U.S. trade continued to improve in November, according to the Bureau of Economic Analysis. Exports hit $159.7 billion, which set a new 27-month high. They were up $1.2 billion during the month. Although imports also rose to $198.0 billion, they increased by just $1.1 billion, which shrunk the trade deficit by about $111 million from October. The trend appears to be heading in the right direction.
Here's a chart showing some history, since 2008:
Most of the progress the U.S. has made in trade since the recession has been due to higher exports. They're up $20.7 billion year-over-year. Over that period, however, imports had risen even more, by $23.7 billion. So the trade deficit has widened compared to a year ago, by about $3 billion.
Still, trade appears to be steadily improving in recent months. As the chart shows, November was the third straight month the trade gap has declined. Its value of $38.3 billion for the month is also the smallest it has been since January.

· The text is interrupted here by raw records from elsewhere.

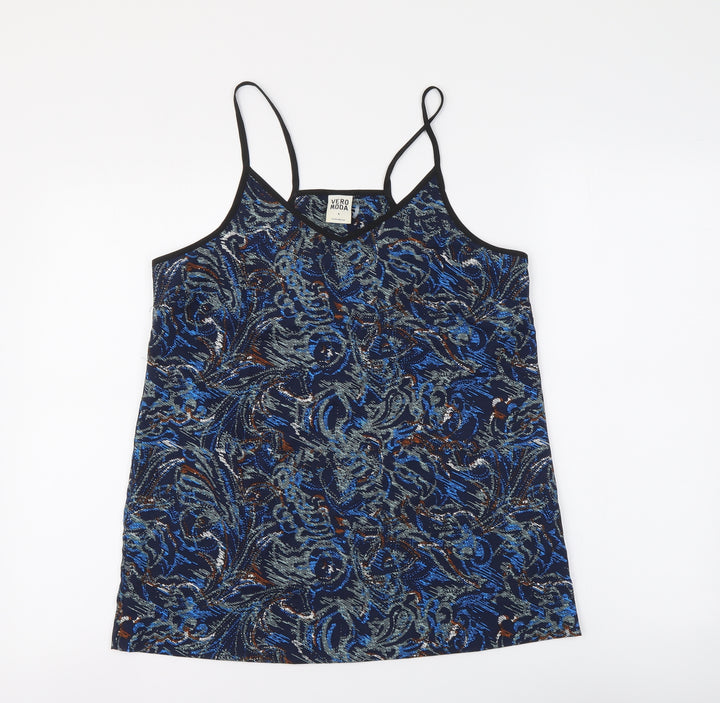 VERO MODA Womens Blue Geometric Polyester Basic Tank Size M V-Neck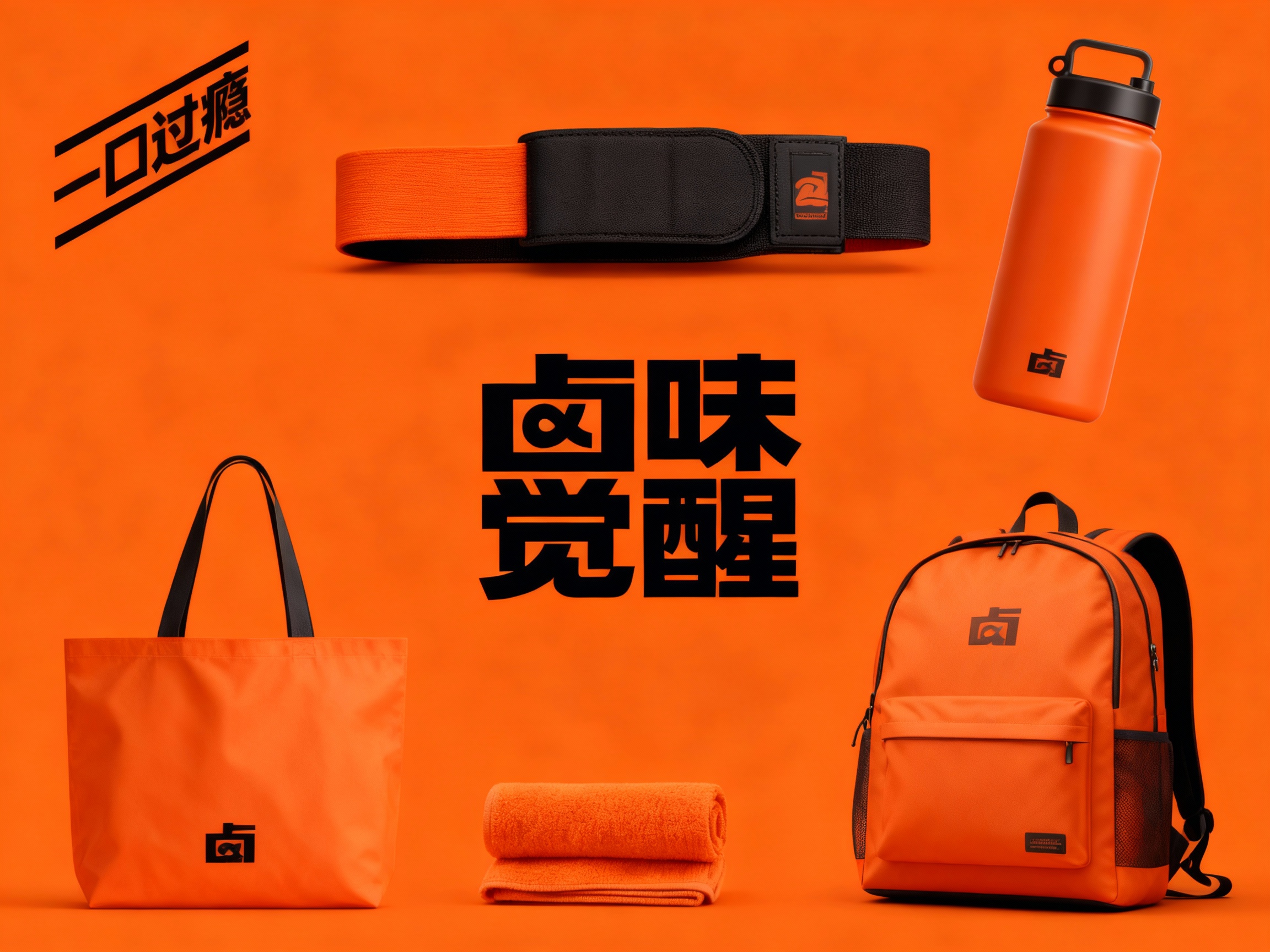 生成品牌周边展示图，如健身腰带、运动水壶、毛巾、运动手提袋、运动背包等，（将参考图中的LOGO 保持一致不要出现变形）延续#橙色在各周边产品上合理呈现，延续品牌主色，造型极简高级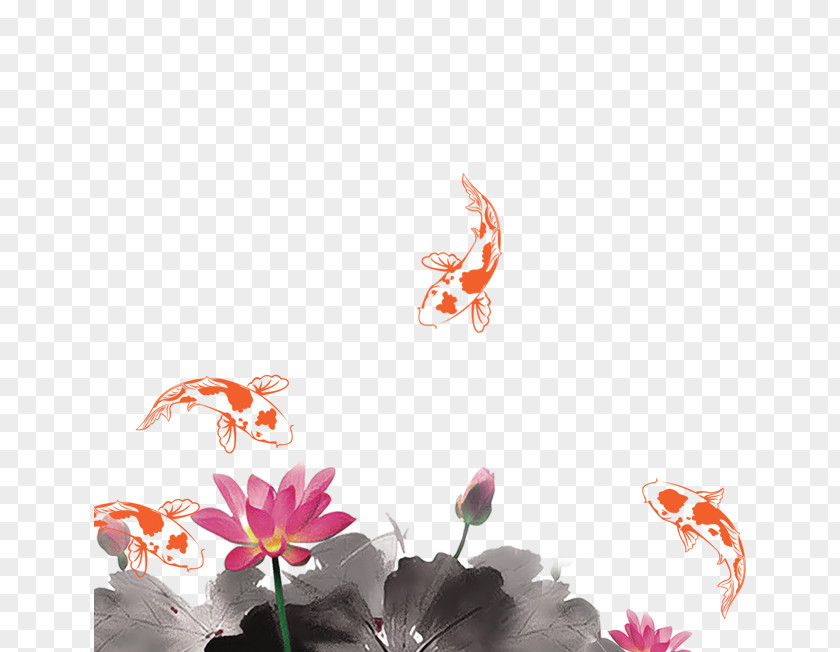 Ink Lotus Goldfish Mid-Autumn Festival Wash Painting Poster PNG
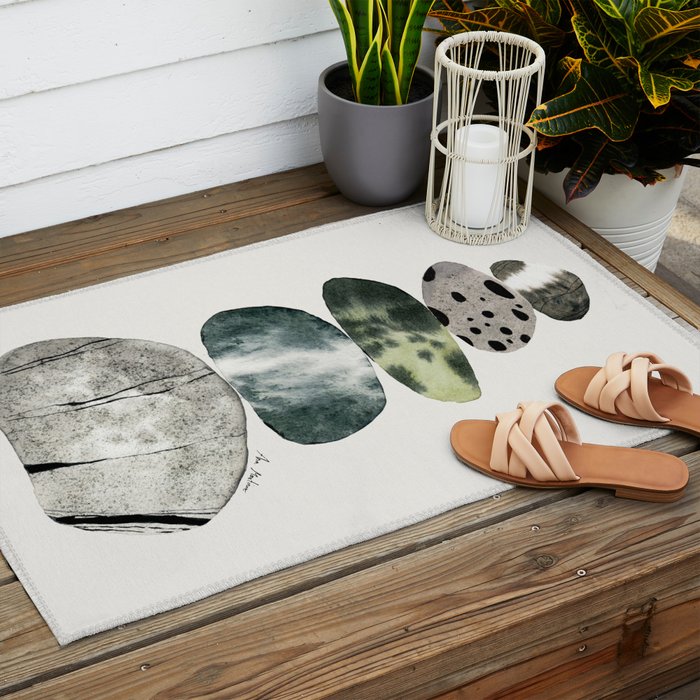 Stacked Pebbles On The Beach Outdoor Rug Gallery Image 2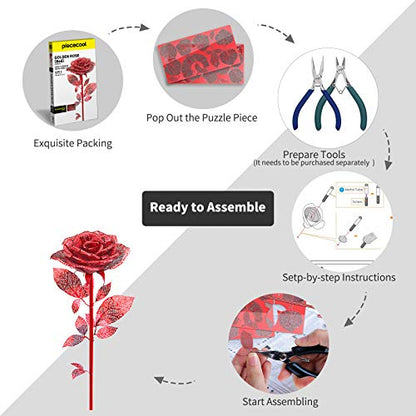 Piececool 3D Metal Puzzles Rose Flower Model Kits, Artificial Fake Flowers Metal Building Kit DIY 3D Puzzle for Adults, for Father Mothers Valentines Day, 15Pcs - color: Red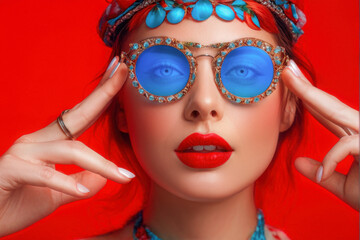 Beautiful blue-eyed lady with Stylish Sunglasses in unusual headband and red lipstick and sunglasses and poses on orange background. generative AI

Within exports, goods continue to drive the improvement. Services exported actually declined slightly in November. There was very little growth in that latter component of exports in 2010.
Of course, the same could be said for imports. Americans continue to more aggressively increase the amount of goods they purchase from overseas. Imports for services, on the other hand, barely increased last year. In fact, if looking at services only, you find the U.S. with a trade surplus of $12.9 billion. The nation's love of cheap goods from overseas drives the trade gap.